■ WHAT YOU WILL DO: The lines running from the one that contains "403 Berglund Street, Rogue River, OR 97537" to the end of the records below are what to reproduce, exactly and without pictures.

<<<<

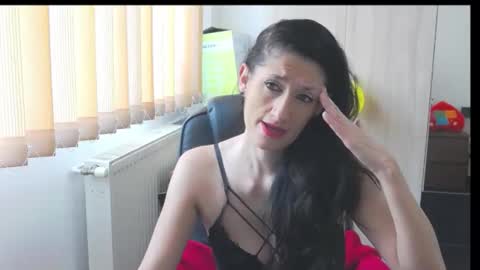 Bea online show from 11.26.25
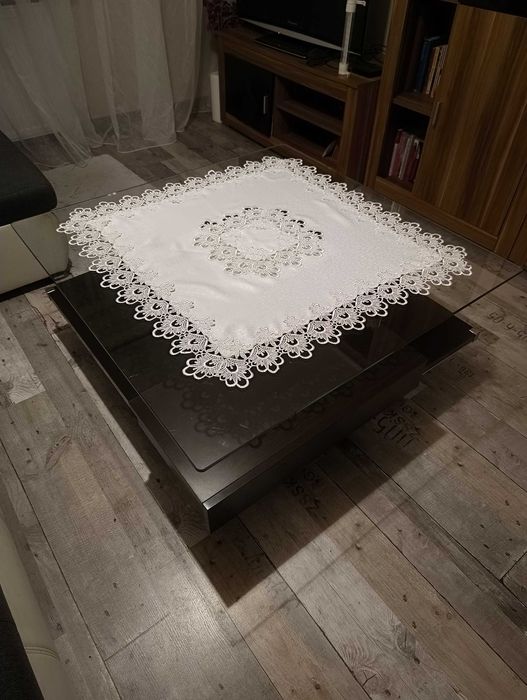 Nowoczesny szklany stół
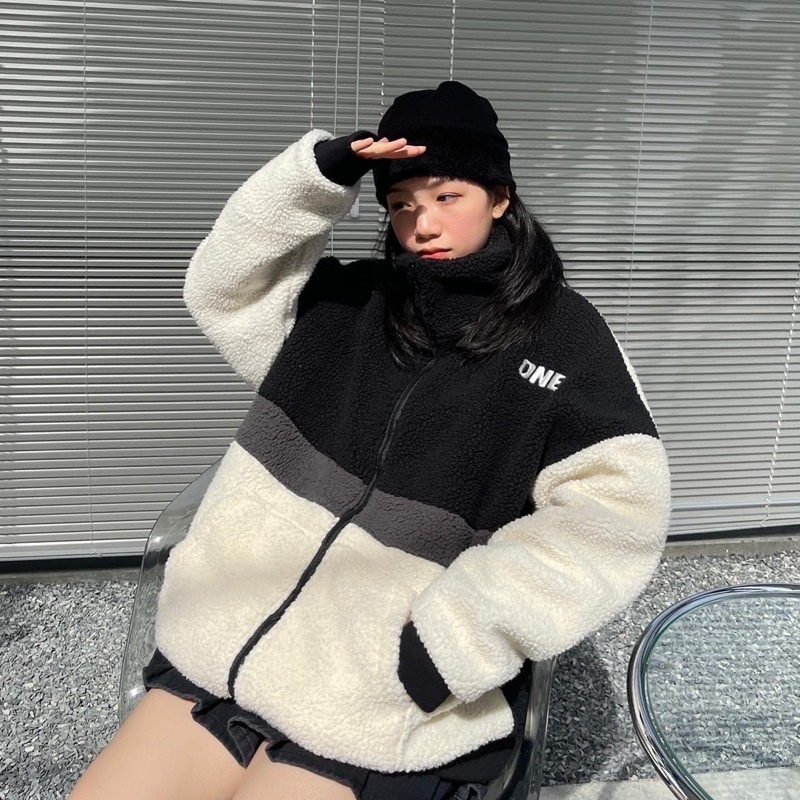 FLEEC JACKET - Áo khoác lông phối màu
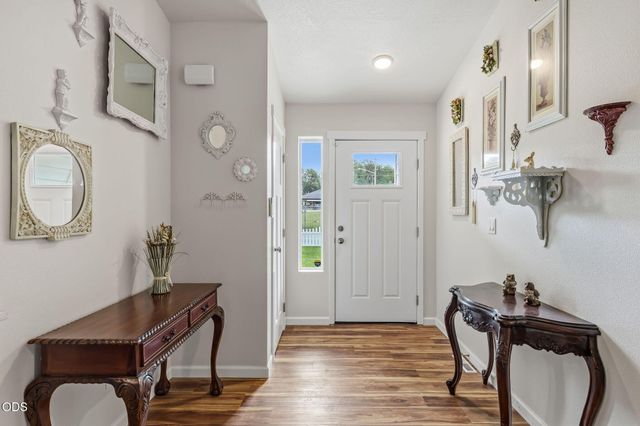 403 Berglund Street, Rogue River, OR 97537
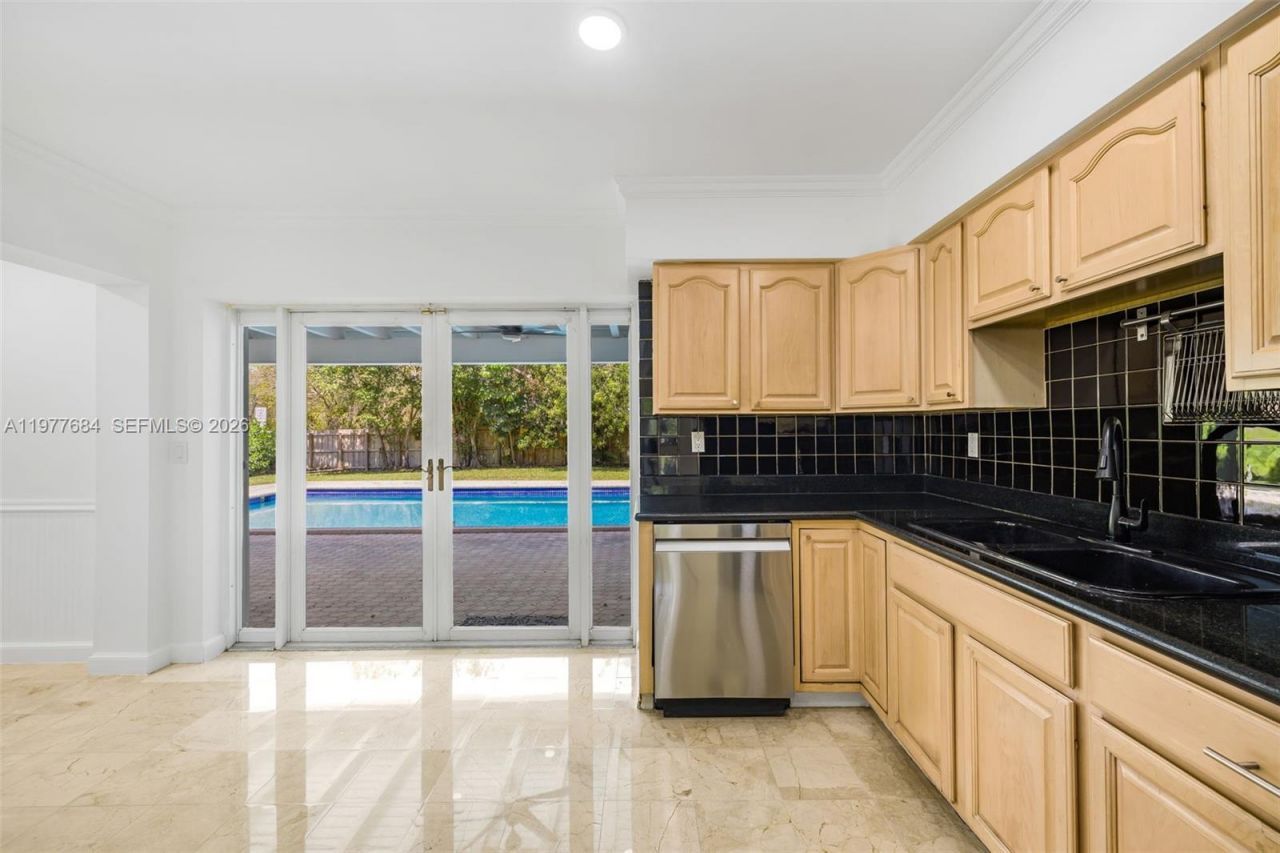 7255 SW 125th St , Pinecrest, FL 33156 Photo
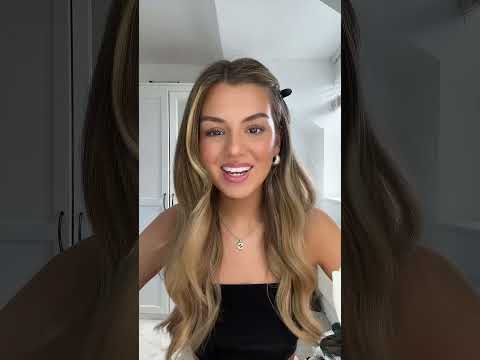 Expressive Woman Singing With Passion and Emotion#singingvideo #emotionalperformance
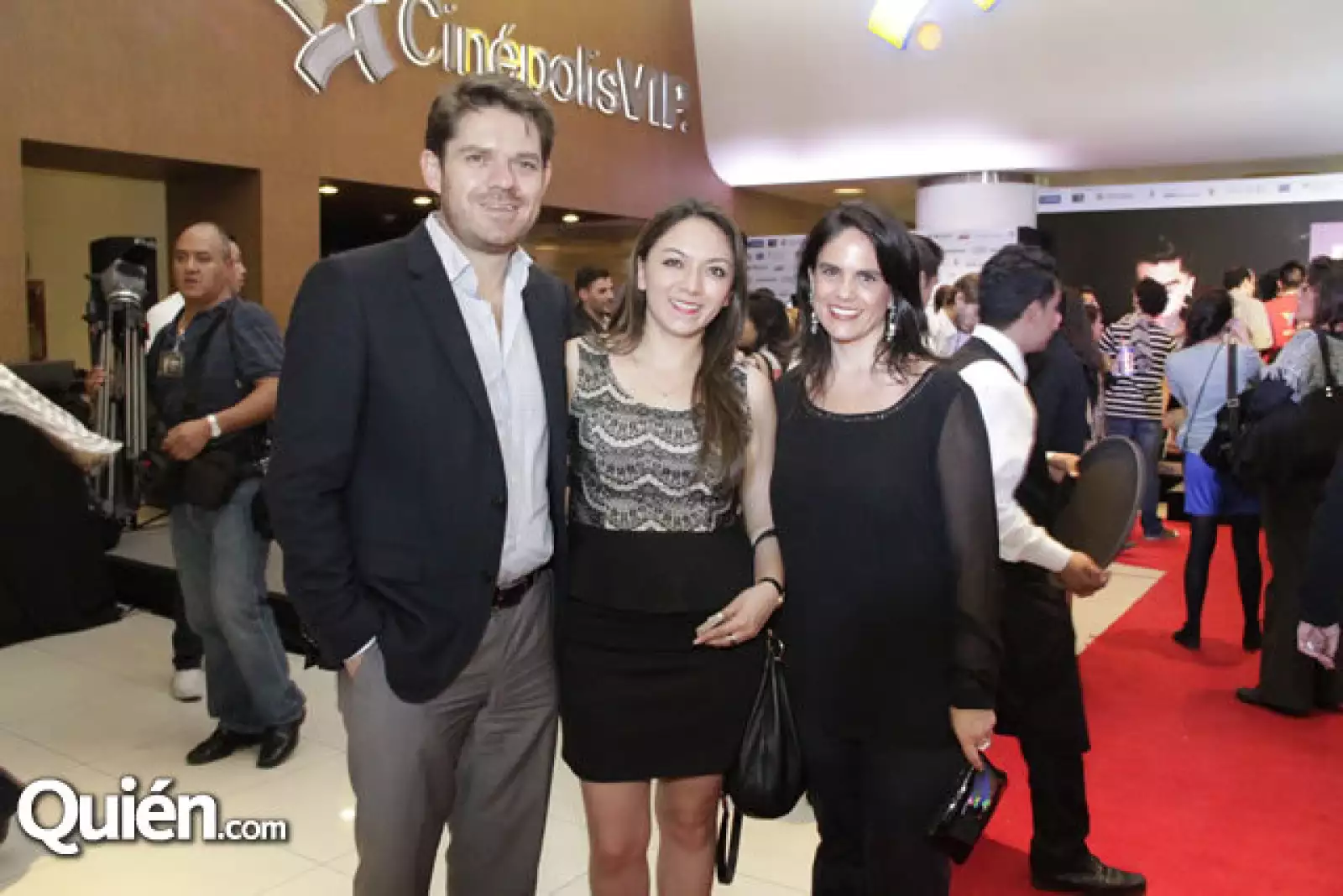 Edgar López,Fernanda Yong,María Noriega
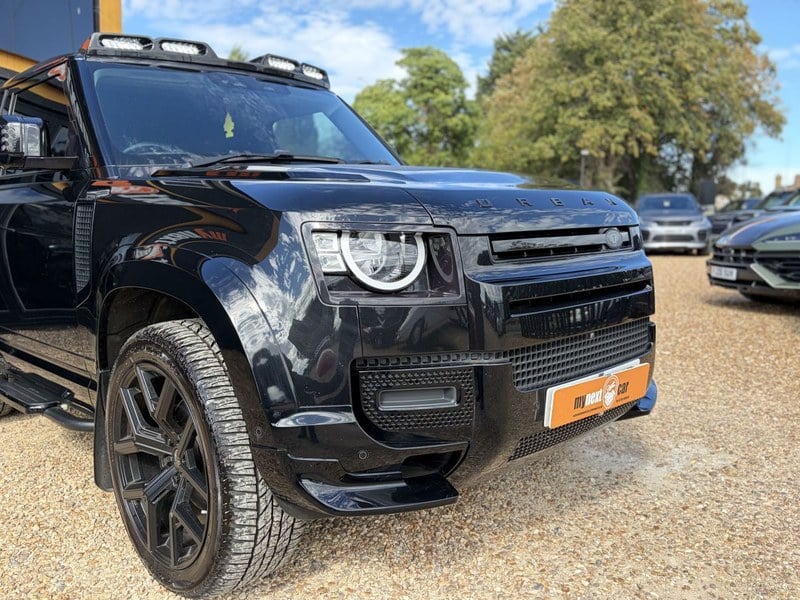 2023 Land Rover Defender - 2 2023 Land Rover Defender - 2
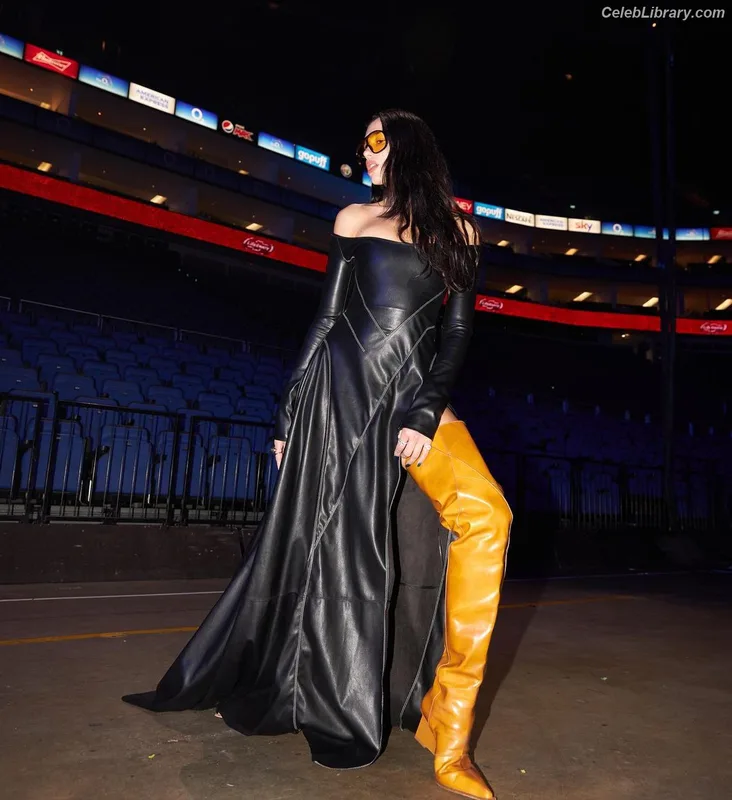 Dua Lipa photo 4 of 7804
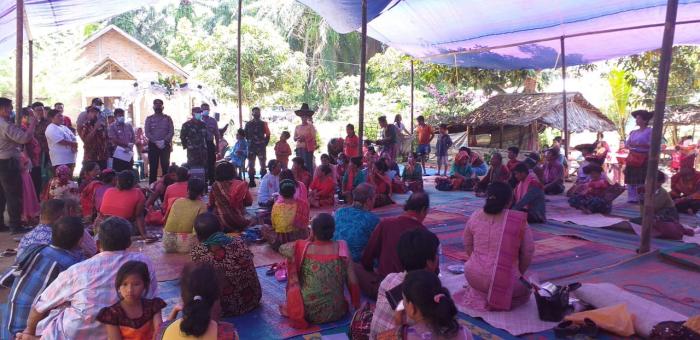 Kapolsek, Danramil dan Camat Bubarkan Pesta Adat di Bangun Purba 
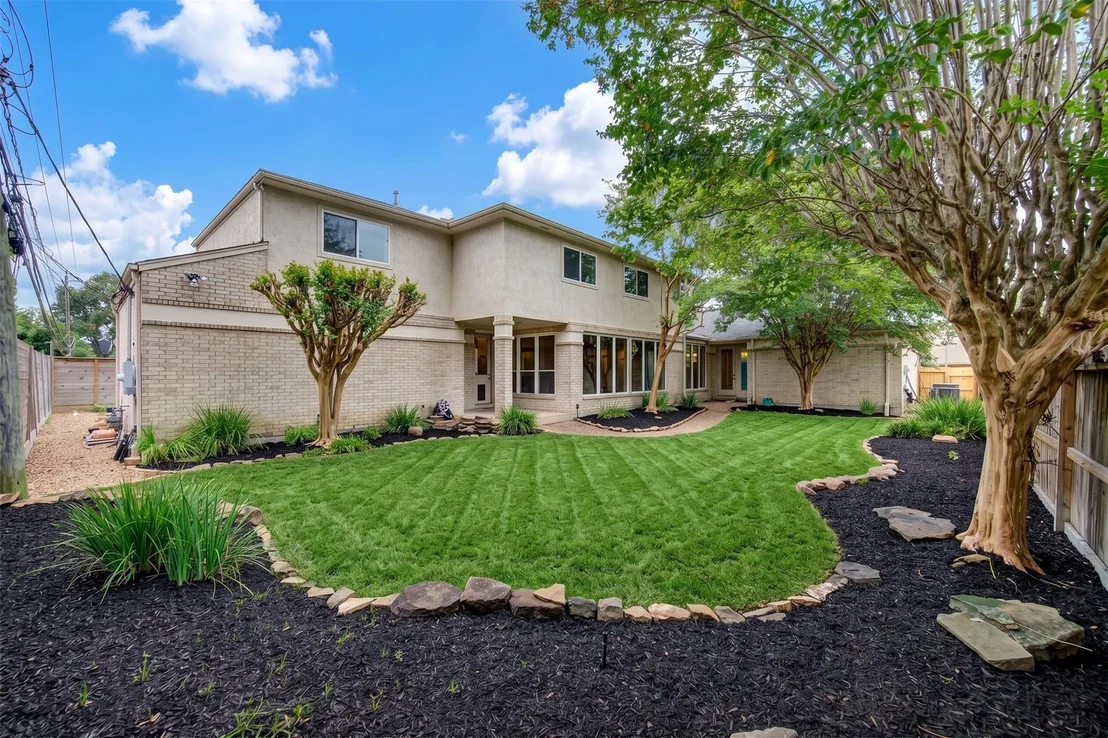 Photo of 4967 Dumfries Drive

>>>>

■ EXERCISE SOLUTION:
 403 Berglund Street, Rogue River, OR 97537
 7255 SW 125th St , Pinecrest, FL 33156 Photo
 Expressive Woman Singing With Passion and Emotion#singingvideo #emotionalperformance
 Edgar López,Fernanda Yong,María Noriega
 2023 Land Rover Defender - 2 2023 Land Rover Defender - 2
 Dua Lipa photo 4 of 7804
 Kapolsek, Danramil dan Camat Bubarkan Pesta Adat di Bangun Purba 
 Photo of 4967 Dumfries Drive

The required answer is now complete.